A committee of administrators recommended the changes that would allow middle and high school students to use their cell phones in the halls or cafeterias. Filming or taking photographs would still be prohibited, but the students could now call, text or access the Internet at lunch or in between classes. Staff permission would still be required for students to use the devices in the classroom.
Currently, students are only able to possess cell phones during school hours, but can’t display the phones unless they are given permission.
After receiving the survey data at their Tuesday meeting, School Board members were hesitant to adopt the new rules.
“I’m just worried that the proposed changes right now are a step too far. It’s difficult for parents and teachers frankly to accept students having that much usage,” School Board member Scott Hirons said.
School Board member Dewayne McOsker agreed.
“For seven hours a day, can the kids just stay in school and not use social media? I’m old school … I think we can work on the policy,” McOsker said.
A majority of survey respondents, 63 percent, strongly disagreed with allowing students to use personal cell phones between classes. Almost 50 percent of respondents disagreed with the allowance during lunch. Respondents were split almost evenly for allowing devices before school, but a majority supported cell phone use after school.
“The data doesn’t say definitively that every one is against,” School Board member Patricia Healy said. “If all of our high school principals are jointly recommending something, then I’m very hesitant to not take that recommendation. It’s a different world.”
A majority of respondents said that students occasionally use personally electronic devices in the classroom, as opposed to frequently or very frequently.
“After 9/11 and Columbine, I supported the use of cell phones. It just seems that our young people are obsessed with this technology to the point where it is a distraction from their education,” School Board member Dana Reinboldt said.
Several administrators who spoke in favor of the changes at the Tuesday board meeting laid bare the split between administrators and teachers on the issue.
James Stemple, the principal at Mountain View High School, said that he would have to begin enlisting teachers to patrol the hallways to enforce what he deemed an unenforceable rule.
“This rule in this century just does not make sense,” Stemple said.
Stemple also pointed to the school’s strategic plan, which has 21st century skills as one priority for students.
“My life is in this [cell phone]. This is who we are now.
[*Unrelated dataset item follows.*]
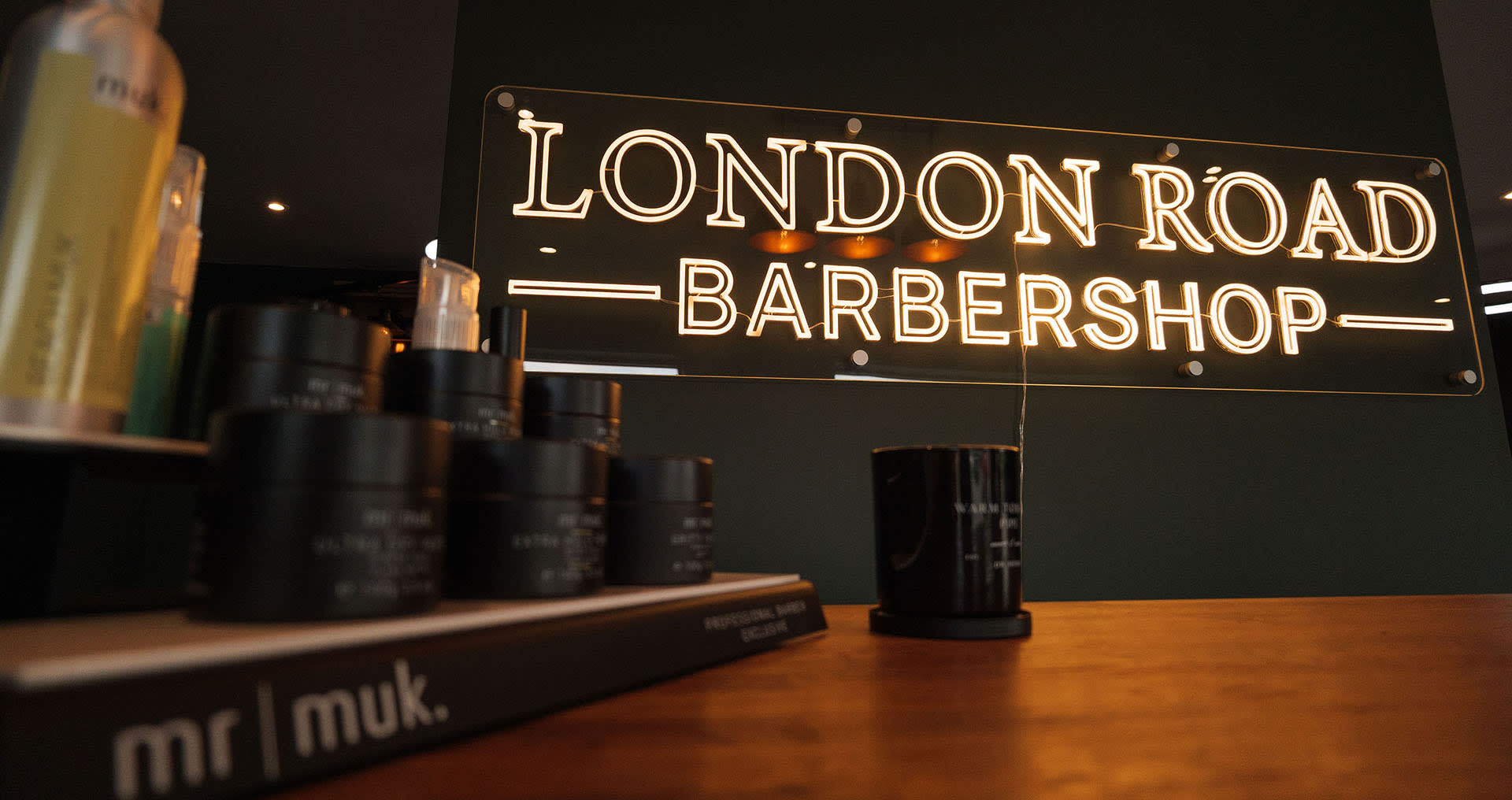 London Road Barbershop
If we don’t allow our students to be able to be part of the 21st century communication, I feel that we are doing them a disservice,” School Board Chair Nanette Kidby said.
The changes would be more relaxed than cell phone policies of school systems that Stafford compares itself to. Albemarle, Chesterfield, Henrico and Spotsylvania schools don’t allow students to communicate on their phones during school hours. Others like Fauquier and Loudoun leaves definitions and authorizations up to principals.
Healy recommended a one-year pilot program for the high schools, which the board will consider again at its next meeting.
There did seem to be unanimous support among the board for a smaller change: reducing the penalty for the current rules. If a student’s cell phone is seen, that student can be punished with a minimum of a suspension of 10 days or less or a maximum for explusion. That can affect acceptance into honor societies. With the changes, the penalty for a first-time offender would just be a warning.
A total of 534 people responded to the survey out of the 1,600 employees at Stafford’s secondary schools. The anonymous survey will continue to be active for another couple of weeks to allow the remaining 1,066 people to respond, school staff said.